I’ll likely be taking my next Amtrak trip starting on Friday; but a few days ago, a server for Amtrak’s Positive Train Control system crashed and stayed down for at least three days requiring that, basically, all trains except on Amtrak’s own Northeast Corridor were cancelled. Scuttlebutt has it that the server is back up, and it seems that trains are departing from Chicago again.
But what really amazes me is that, apparently, there wasn’t a backup. The system I worked on before I retired was actually four complete systems, one for development, one for system integration testing, one for customer acceptance testing, and one for production. Each of those had three servers: one for the Web component, one for the database, and a third for running background tasks. Each of those servers had at least one backup. The DEV and SIT systems had one backup for each server; the CAT and PROD systems had four of each server constantly sharing data back and forth so that they were pretty much exact copies of each other. That’s the way you do it. It’s really old news and well understood.
Another possibility, which also wouldn’t surprise me, is that security was so lax that a hacker could have brought the whole thing down for a ransomware attack. If that’s what happened, they probably won’t admit it.
In any event, Amtrak could have done better by getting a server from the folks who set up my own little website. They’re much more professional, it would seem.
K says
Glad things seem to be up and running. And you’re right–redundancy is critical, as is security. It’s appalling how many financial managers are short-sighted on that. A decade ago I walked into a job where I was asked to code a solution. I was working in the dev server when something borked…and my boss came running in yelling that “everything” was down. But I was working in dev! Nope; dev and prod were the same server just *named* dev and prod with a weak partition between them. There was “no money” to do it right, you see.
That was just a stupid internal website.
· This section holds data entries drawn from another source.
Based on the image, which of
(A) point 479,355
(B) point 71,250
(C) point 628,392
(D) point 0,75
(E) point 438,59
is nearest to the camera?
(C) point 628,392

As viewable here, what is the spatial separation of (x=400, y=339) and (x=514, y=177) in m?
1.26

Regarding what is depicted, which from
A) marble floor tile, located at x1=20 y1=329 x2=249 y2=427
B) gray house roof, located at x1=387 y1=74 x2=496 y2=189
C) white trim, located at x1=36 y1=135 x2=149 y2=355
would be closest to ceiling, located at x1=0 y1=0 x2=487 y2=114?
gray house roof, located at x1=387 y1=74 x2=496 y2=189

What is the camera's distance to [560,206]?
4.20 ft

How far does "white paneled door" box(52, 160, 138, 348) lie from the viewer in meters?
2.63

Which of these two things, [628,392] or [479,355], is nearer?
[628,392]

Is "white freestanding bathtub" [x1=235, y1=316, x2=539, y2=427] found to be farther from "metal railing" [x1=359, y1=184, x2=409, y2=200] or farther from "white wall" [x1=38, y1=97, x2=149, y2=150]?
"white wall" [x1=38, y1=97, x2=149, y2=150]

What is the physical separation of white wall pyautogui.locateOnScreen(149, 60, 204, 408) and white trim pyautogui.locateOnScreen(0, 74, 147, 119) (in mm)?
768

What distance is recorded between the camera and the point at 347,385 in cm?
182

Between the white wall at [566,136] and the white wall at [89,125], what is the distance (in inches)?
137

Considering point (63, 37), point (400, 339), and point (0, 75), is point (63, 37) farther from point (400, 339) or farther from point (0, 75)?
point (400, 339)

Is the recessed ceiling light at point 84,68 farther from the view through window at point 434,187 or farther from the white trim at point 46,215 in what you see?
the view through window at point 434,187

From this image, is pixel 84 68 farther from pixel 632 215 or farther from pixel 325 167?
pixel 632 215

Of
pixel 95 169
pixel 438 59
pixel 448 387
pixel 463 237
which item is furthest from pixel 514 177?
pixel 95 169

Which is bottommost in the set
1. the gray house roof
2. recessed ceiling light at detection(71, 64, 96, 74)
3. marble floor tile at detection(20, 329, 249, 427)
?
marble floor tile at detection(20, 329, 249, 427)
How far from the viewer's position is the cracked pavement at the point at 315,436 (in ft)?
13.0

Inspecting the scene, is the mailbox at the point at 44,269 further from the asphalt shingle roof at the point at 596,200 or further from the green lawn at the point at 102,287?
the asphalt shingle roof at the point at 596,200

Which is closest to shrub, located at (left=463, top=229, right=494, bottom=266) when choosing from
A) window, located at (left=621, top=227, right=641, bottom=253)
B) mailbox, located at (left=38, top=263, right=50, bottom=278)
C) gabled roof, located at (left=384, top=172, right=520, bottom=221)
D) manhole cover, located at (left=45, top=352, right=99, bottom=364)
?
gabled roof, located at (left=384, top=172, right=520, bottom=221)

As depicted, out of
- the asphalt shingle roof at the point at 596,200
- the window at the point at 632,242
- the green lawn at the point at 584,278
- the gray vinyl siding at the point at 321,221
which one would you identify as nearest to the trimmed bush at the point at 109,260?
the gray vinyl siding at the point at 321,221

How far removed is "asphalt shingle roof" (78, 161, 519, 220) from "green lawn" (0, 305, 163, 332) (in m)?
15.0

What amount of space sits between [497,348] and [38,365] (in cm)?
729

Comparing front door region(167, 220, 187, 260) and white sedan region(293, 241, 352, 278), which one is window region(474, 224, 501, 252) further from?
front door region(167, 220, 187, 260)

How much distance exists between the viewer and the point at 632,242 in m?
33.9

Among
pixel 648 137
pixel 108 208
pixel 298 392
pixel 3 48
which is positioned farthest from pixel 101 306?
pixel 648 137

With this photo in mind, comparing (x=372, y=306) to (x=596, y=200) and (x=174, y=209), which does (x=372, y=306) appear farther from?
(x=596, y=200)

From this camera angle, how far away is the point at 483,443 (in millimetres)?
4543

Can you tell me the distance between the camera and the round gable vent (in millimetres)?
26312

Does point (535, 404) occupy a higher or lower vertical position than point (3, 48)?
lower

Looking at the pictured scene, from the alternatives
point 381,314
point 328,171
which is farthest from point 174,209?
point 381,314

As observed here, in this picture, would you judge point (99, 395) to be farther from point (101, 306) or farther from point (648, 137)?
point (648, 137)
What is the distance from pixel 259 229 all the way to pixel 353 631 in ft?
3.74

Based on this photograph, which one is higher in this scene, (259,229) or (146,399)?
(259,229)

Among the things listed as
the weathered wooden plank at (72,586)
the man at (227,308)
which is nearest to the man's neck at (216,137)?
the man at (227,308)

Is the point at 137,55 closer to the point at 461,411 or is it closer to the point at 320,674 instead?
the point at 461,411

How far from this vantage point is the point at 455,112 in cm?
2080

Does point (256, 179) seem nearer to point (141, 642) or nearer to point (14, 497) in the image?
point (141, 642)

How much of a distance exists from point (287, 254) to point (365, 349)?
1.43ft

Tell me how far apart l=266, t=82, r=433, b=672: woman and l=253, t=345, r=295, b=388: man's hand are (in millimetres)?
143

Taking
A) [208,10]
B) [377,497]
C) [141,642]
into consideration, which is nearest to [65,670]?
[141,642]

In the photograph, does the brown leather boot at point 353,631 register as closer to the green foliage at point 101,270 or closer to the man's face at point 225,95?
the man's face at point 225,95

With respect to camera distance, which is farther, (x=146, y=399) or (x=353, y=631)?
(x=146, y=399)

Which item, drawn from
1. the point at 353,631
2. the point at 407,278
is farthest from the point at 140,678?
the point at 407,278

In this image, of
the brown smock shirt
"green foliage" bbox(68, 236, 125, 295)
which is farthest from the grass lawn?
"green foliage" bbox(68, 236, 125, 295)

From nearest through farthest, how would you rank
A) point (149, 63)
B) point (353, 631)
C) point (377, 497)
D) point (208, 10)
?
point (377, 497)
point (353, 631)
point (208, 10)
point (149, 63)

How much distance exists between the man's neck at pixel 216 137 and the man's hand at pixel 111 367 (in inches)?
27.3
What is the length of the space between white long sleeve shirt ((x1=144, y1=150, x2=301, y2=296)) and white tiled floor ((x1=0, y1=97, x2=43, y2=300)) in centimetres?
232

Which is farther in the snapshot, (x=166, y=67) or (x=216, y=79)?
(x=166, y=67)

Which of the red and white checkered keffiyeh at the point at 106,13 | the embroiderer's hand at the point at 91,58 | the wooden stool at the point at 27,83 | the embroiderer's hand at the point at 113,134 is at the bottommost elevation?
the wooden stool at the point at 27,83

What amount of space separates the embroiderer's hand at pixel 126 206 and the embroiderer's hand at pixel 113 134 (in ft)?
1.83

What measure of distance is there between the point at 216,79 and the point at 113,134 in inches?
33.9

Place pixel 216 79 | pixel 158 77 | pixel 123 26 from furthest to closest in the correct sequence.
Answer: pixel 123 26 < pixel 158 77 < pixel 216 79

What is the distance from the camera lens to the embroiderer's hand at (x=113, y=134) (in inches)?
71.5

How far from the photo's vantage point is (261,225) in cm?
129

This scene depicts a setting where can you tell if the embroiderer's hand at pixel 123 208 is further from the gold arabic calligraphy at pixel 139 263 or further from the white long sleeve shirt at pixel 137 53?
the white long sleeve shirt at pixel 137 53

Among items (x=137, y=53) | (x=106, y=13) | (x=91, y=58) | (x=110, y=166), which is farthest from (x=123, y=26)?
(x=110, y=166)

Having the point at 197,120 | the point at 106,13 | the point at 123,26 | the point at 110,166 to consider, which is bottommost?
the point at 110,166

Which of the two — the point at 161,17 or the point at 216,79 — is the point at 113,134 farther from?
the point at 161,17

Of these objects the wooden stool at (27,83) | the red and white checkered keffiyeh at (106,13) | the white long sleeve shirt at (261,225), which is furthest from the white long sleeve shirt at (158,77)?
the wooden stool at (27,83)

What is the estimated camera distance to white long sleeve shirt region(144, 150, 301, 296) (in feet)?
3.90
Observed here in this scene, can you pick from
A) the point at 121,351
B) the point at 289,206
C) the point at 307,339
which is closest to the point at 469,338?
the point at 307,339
It’s terrifying how everything is run on a shoestring and vulnerable to natural and targeted failures.
billseymour says
Ouch! I’m glad I never worked at a place like that.
I never brought our whole DEV system down, but I have made some really stupid mistakes, let’s say, more often than never.
Allison says
This doesn’t make any sense.
PTC is a safety-critical system, and as such, would be run by the host railroads, not AMTRAK. All locomotives (and trains) have to be equipped with it for it to make any sense, which means not just AMTRAK trains, but pretty much anything that runs on the tracks.
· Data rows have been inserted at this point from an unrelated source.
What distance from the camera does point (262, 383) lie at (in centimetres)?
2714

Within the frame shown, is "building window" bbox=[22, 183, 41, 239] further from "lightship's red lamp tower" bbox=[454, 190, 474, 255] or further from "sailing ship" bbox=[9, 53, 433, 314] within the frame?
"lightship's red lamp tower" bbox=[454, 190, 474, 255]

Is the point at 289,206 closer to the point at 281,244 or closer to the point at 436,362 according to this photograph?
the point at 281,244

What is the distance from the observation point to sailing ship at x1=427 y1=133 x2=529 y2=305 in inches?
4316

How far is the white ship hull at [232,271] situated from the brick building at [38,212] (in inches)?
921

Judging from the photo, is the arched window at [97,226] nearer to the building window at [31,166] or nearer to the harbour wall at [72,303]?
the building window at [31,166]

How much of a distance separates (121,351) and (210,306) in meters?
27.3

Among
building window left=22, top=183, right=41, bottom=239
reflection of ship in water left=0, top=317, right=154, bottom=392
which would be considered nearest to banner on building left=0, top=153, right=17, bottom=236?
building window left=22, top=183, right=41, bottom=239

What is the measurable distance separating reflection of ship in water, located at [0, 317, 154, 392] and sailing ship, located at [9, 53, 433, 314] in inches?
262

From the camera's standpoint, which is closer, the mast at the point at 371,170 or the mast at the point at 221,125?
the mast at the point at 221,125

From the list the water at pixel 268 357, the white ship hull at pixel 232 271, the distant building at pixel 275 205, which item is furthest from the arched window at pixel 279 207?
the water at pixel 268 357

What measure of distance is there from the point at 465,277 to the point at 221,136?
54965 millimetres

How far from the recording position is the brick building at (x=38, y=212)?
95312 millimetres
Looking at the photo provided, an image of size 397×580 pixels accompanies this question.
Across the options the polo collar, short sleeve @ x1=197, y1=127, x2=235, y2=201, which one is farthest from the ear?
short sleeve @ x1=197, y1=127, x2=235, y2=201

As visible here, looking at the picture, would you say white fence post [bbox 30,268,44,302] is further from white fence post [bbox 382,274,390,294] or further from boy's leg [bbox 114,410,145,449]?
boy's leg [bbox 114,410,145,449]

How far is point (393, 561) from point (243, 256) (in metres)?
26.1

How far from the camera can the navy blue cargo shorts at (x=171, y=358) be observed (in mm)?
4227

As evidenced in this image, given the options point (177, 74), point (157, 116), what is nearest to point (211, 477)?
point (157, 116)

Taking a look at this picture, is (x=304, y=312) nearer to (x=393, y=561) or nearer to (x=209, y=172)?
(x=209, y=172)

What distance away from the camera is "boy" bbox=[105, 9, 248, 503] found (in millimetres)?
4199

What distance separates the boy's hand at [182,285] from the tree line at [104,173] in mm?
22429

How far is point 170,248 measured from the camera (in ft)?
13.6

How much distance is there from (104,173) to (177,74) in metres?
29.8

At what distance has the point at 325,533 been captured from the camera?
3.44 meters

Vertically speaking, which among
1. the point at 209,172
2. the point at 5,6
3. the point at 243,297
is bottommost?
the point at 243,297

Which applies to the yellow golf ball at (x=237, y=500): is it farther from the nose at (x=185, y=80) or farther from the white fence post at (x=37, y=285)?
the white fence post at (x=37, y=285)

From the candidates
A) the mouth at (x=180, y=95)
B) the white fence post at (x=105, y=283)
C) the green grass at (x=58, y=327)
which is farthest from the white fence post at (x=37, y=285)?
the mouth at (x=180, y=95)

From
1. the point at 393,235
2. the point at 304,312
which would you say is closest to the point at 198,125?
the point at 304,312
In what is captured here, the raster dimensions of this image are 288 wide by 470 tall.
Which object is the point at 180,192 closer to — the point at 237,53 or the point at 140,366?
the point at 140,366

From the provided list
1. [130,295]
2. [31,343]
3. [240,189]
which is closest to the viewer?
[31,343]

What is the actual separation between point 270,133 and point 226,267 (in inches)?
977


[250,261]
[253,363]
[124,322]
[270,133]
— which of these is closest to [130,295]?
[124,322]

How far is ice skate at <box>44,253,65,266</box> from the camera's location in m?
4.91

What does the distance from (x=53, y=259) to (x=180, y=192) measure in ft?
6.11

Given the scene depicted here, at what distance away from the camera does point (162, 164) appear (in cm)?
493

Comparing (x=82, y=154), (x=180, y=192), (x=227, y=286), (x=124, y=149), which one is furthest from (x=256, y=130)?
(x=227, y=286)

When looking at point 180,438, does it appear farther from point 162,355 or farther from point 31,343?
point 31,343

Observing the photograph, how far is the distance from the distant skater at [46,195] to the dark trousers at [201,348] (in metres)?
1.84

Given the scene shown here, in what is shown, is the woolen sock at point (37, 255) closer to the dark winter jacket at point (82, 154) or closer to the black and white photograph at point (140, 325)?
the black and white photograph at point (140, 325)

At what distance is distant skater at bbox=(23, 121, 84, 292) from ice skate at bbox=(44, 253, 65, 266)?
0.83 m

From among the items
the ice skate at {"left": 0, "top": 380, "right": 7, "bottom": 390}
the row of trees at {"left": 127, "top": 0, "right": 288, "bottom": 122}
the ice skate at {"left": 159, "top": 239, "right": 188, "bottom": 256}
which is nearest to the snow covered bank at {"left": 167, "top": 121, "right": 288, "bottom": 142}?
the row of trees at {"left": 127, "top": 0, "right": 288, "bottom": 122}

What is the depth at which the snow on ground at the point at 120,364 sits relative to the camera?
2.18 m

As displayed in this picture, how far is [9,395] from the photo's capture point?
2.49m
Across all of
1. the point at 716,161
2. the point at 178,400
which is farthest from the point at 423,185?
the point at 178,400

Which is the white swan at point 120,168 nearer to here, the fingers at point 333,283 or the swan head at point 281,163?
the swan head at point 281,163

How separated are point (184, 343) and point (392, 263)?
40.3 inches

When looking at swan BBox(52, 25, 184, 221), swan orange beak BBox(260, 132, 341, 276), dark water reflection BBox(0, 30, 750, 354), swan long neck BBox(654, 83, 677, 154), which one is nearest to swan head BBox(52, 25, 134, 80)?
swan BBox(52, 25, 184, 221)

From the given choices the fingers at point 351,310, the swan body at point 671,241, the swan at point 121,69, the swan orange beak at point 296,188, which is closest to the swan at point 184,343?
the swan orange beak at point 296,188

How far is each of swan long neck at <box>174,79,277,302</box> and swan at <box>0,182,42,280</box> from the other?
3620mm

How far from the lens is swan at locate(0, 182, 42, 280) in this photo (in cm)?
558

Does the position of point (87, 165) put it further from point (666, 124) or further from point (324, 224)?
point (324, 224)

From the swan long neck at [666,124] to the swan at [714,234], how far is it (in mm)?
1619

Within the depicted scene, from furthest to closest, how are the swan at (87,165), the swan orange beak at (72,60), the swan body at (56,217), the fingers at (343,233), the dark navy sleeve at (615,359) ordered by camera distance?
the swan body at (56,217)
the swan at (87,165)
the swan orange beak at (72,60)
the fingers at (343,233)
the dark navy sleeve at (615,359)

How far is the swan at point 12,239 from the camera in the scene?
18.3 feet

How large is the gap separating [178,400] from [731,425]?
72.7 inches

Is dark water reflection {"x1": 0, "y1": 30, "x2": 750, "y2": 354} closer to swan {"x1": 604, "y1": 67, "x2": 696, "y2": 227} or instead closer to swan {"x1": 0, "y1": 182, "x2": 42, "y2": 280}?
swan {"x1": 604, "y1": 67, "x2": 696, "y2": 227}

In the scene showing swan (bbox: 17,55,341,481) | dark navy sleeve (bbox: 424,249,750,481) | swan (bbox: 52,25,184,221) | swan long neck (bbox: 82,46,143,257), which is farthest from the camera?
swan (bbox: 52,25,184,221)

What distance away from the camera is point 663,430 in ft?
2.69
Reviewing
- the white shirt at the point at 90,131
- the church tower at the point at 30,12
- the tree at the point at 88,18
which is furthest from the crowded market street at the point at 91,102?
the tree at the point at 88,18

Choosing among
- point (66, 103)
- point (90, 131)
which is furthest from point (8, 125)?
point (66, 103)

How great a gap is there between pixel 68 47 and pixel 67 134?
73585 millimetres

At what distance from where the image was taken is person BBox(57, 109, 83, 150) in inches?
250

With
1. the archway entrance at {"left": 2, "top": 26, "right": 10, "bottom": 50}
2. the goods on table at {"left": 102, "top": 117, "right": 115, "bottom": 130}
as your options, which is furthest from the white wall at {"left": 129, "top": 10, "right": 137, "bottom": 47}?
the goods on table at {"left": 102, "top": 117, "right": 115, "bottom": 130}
The fact that the NE corridor (which has long had a predecessor to PTC) was working fine also suggests that it was something else.
My guess would be that it was some other system, perhaps one that keeps track of where AMTRAK trains are (and how late they are!) for internal or external reporting purposes. If something like that failed, the trains would run fine (I hope!) but anything that involved AMTRAK operations systems would suddenly not know where anything was. (They could ask the host railroads, I suppose.)
billseymour says
Allison, my understanding is that the server wasn’t doing the PTC itself; it had something to do with communicating PTC data between Amtrak and the host railroads. Could it have been sending GPS data to the railroads?
In any event, trains were cancelled, and Amtrak blamed it on a server going down. The word I got from an Amtrak-related e-mail list is that it had something to do with PTC.